YOUR INSTRUCTIONS:
Everything in the data below is left aside except the lines from the one containing "Y key Women Flip Flops(Navy, Gold , 7)" through the one containing "Six Seven 67"; repeat those exactly.

PROVIDED DATA:

###

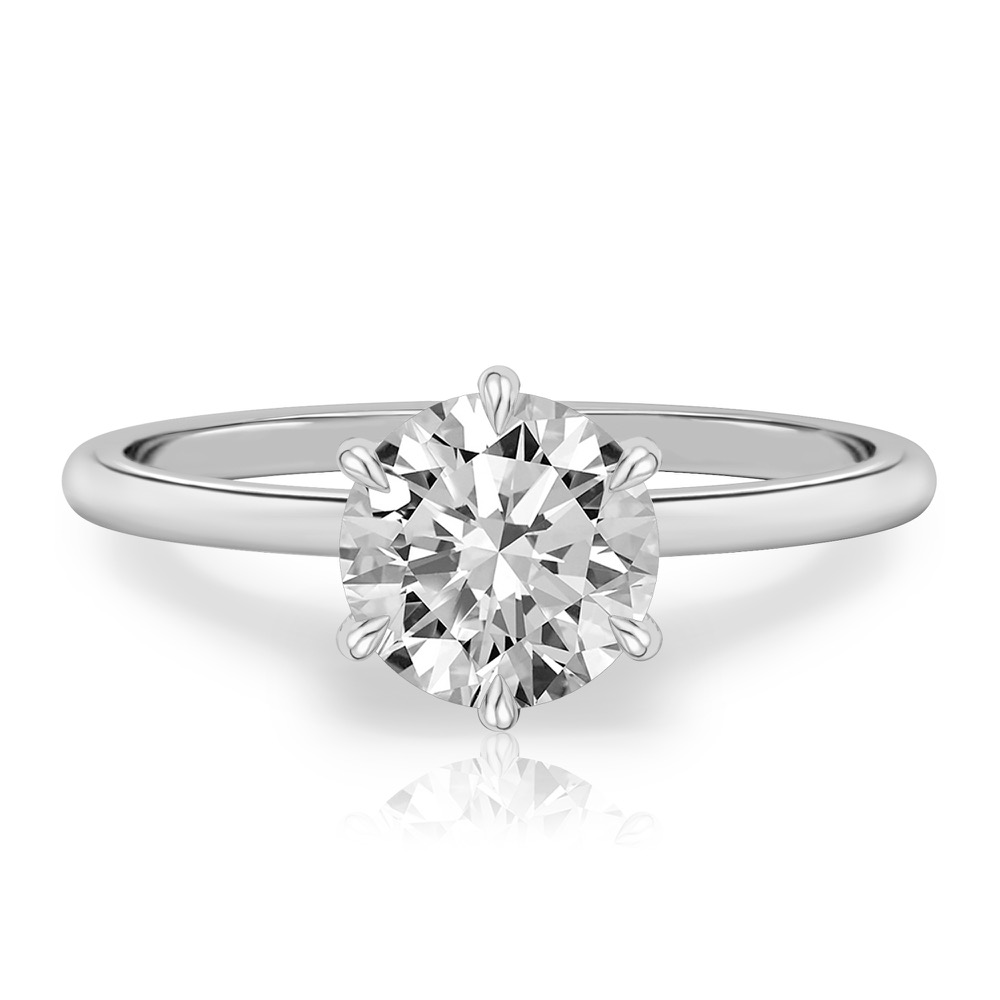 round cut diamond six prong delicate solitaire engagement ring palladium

###

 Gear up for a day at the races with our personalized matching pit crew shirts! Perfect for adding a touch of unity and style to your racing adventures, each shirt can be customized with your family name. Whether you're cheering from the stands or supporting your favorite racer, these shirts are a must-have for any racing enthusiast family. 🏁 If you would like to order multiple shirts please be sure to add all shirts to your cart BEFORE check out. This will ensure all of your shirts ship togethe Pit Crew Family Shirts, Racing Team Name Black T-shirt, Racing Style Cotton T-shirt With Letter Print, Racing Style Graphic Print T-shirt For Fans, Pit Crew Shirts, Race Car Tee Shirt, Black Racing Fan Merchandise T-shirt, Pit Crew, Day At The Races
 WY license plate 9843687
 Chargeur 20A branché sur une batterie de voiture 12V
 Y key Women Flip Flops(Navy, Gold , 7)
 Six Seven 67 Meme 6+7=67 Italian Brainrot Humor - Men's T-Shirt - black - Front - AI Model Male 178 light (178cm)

###

COMPLETED TASK:
 Y key Women Flip Flops(Navy, Gold , 7)
 Six Seven 67 Meme 6+7=67 Italian Brainrot Humor - Men's T-Shirt - black - Front - AI Model Male 178 light (178cm)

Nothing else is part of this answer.